Making things even harder for broker-dealers is that even during good times, their margins are perilously thin, he adds. "The average payout for broker-dealers is 82%," Tibergien says. "That means for every dollar that is brought in, 18 cents is left over."

It's a situation that has thrown the business into a state of flux, where players are shifting strategies, trying to find niches or buying up and absorbing smaller operators to achieve economies of scale. For some broker-dealers, all the activity has stirred up opportunities for growth. Joseph Deitch, chairman and CEO of Commonwealth Financial Network, says consolidation in the industry has made for a ripe recruitment environment.

"A lot of brokers are in some unpleasant situations and they want relief," Deitch says. "If a broker-dealer is cutting back on services or changing ownership and getting weird, then people start to say, 'What else is out there?'"

Deitch says one of the reasons Commonwealth will see an 8% increase in gross revenues in 2002 is that it has been expanding services rather than cutting back. The company, for example, has about 225 staff and 750 reps-a ratio the broker-dealer feels is among the highest in the industry.

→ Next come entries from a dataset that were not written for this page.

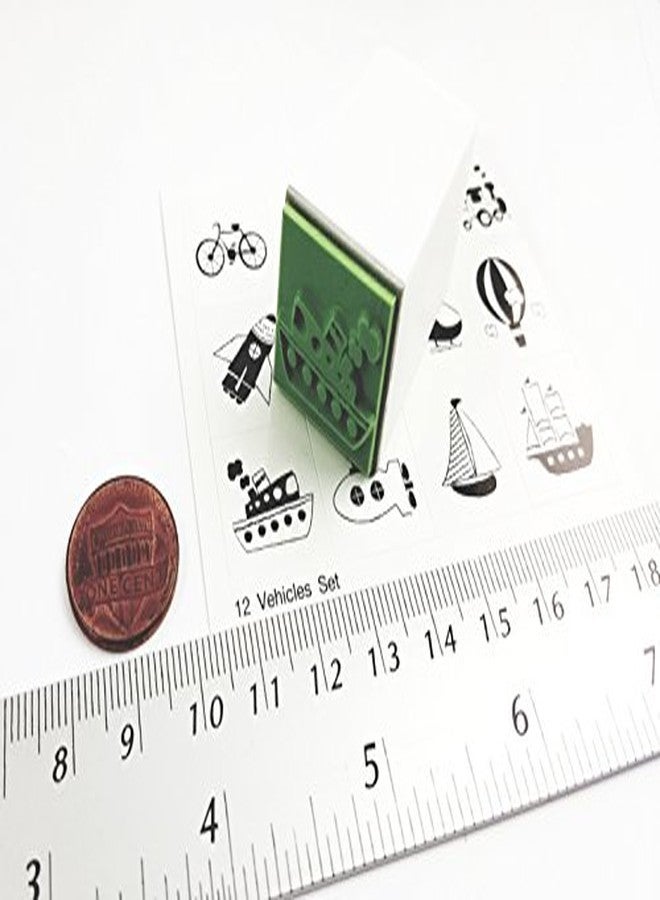 Np Crafts 12 Kids Rubber Stamp Scrapbook Supply Stamper Toy Car Boy Rocket Rubber Stamp Set (CR023) - Image 5
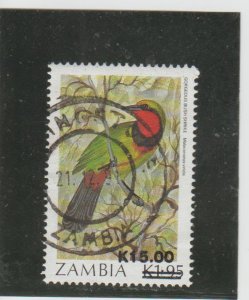 Zambia  Scott#  496  Used  (1989 Surcharged)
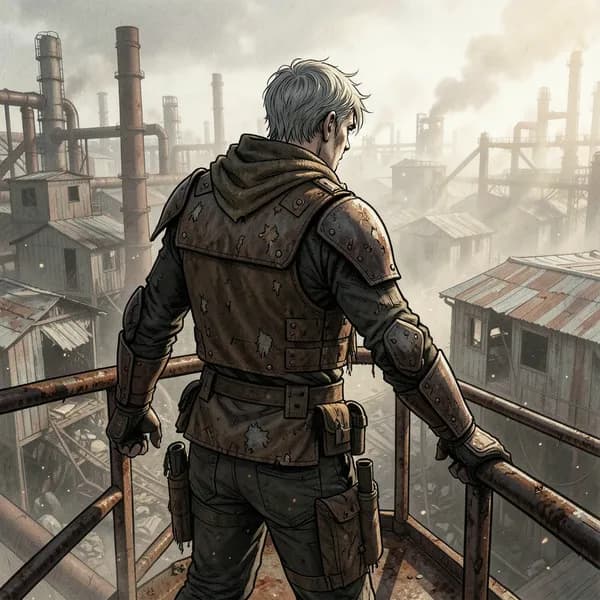 A stern warlord stands on a rusted catwalk, looking down at a settlement with cold authority.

The company has also invested in technology, providing tools for advisors to automate various office functions, and put emphasis on developing training programs. Commonwealth has consultants who provide advisors with help in practice management, business strategy, sales and marketing, among other areas, says Andrew Daniels, Commonwealth's director of field development. "We, frankly, are on the same side of the fence as they are," Daniels says. "We appreciate that we make more money when they're more efficient."

The nation's largest independent brokerages have tried to leverage their resources during the bear market and recruit more reps. "Early in the bear market [in 2000], people didn't want to move," says Dick Averitt, president of Raymond James Financial Services.

But 2002 turned out to be the best recruiting year in the firm's history, as it added 160 new offices and now has a network of 3,800 advisors actively working with clients. Interestingly, a big chunk of that growth comes from the firm's existing offices, as many have engaged in their own recruiting efforts. The bear market has produced a survival-of-the-fittest phenomenon and some younger professionals have been particularly taxed. More experienced advisors are more adept at turning the miserable environment to their advantage. "If you are new to the business, your eyes are like saucers," Averitt notes.